There are more features as well and there’s a discord server with nice people.

Give it a try.

Btw I didn’t make the site or anything I just want to recommend it to japanese learners cause it hasn made my learning more fun and efficient.

16 comments
  1. It’s generally great. The main things people complain about are the lack of an offline mode and export feature. Last I heard there was an API in development/beta testing. Any news on this and what it will allow people to do?

  2. It seems pretty cool from the quick look I gave it! Can I ask if it’s totally free before I sign up? Thank you! 🙂

  3. I like that it has pitch accent which is definitely nice. I’ll have to consider doing this after my 5k deck!

  4. I haven’t used it but it seems like a good way to prep for reading a book.

    I could see myself using it, but I use anki. Perhaps if it could somehow merge with anki.

  5. The API + JPDB-Browser-Reader extension has been an absolute game changer in terms of making the learning/reviewing process from media seamless. Absolutely recommend even though it’s still buggy/in development
    makes playing games a breeze to learn from: https://streamable.com/ci0az0

  6. By FAR the best feature of jpdb is the text parser. You can just paste in a block of text and it will spit out a deck with all the vocab in it. It’s an absolutely killer feature and a game changer – instead of just relying on the premade decks, you can make a solid vocab deck for absolutely anything you plan to read.

    If you just want the data and don’t want to use the jpdb srs, unfortunately there’s no way to export the data just yet. However if you have some programming skillz you can scrape the data from your own custom decks very easily. Luckily the developers haven’t put any road blocks in the way.

    jpdb rules 👍

  7. One thing I’ve never understood about Jpdb is when you click on something to add as a deck will it then add every single word from the media it’s from? Like the really common words such as あれ それ なに 私 etc. Or can you filter it in terms of word frequency? 

  8. I literally just bought all the NGNL light novels and was going to painstakingly make a deck for them if I couldn’t find one. This is a huge help, thank you!

  9. I give it a positive review too.

    I like the SRS pacing, I like the way everything is organized and straightforward.

    It’s like all the Anki add-ons I wanted to use in one.

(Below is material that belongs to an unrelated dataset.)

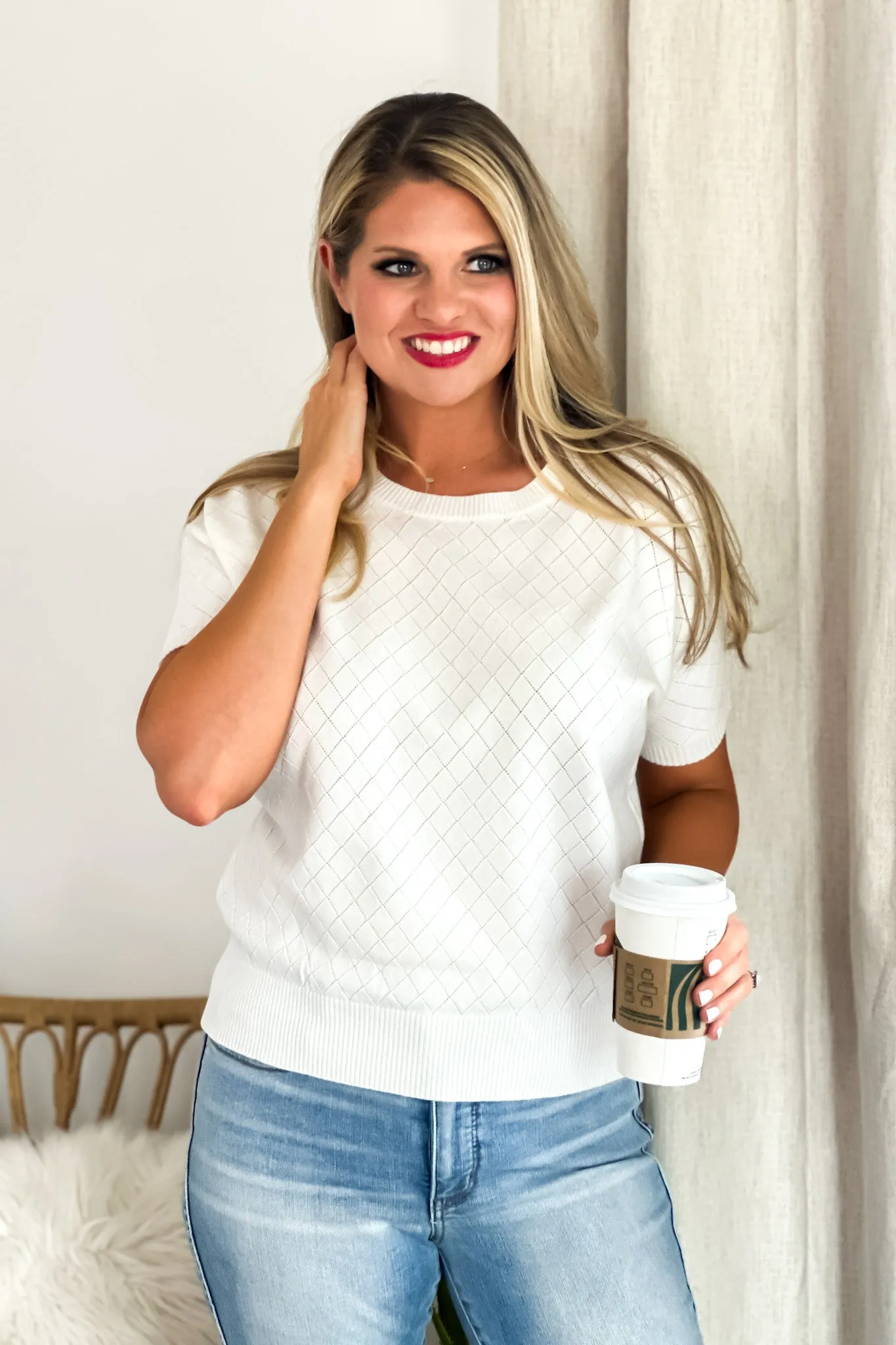 Amanda Argyle Dolman Top : Off White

    I do wish it had offline mode since I use the subway to commute.

    The main pitfall IMO is that the example sentences are selected automatically and sometimes they aren’t really the same word or have different readings. It’s the same as jisho.org and such. You can bring your own examples which is great.

  10. As a beginner I’m loving this. I loaded up the Genki decks, then the other textbooks, and finally the core 2.3k deck. It’s a great vocab and kanji learning tool to go along with my textbook work and reading practice. There’s a yomichan extension as well for easily adding cards to your deck from yomichan lookups.

  11. Does anyone know if it works with the tobira beginning textbooks? I want to give it a try!

  12. Thanks for the reccomendation it looks neat!

    Thanks for the recommendation it looks neat!

  13. I’ve started using the Genki II premade deck, and it is a really incredible tool. I like it quite a bit more than Anki so far.

    A couple of criticisms. The example sentences are sometimes too advanced for me. I’m sure it’s a difficult balancing act of creating example sentences that would make sense in a variety of decks for a given word. It would be nice if a deck could marked a certain level (N5, N4, beginner, advanced, whatever) and the example sentences would correspond to that level. Sometimes the most common meaning that JPDB picks doesn’t really match up with what Genki is teaching the meaning to me. Like, for あげる, Genki II is teaching it in the context of to give. JPDB picked the meaning of to do for the sake of someone else in the te form of a verb. It might very well be the most common meaning, but it doesn’t match up with the book. The cool thing is that you can go in and edit the card and select which meanings you want to show up on the back.

    Anyway, I also highly recommend it!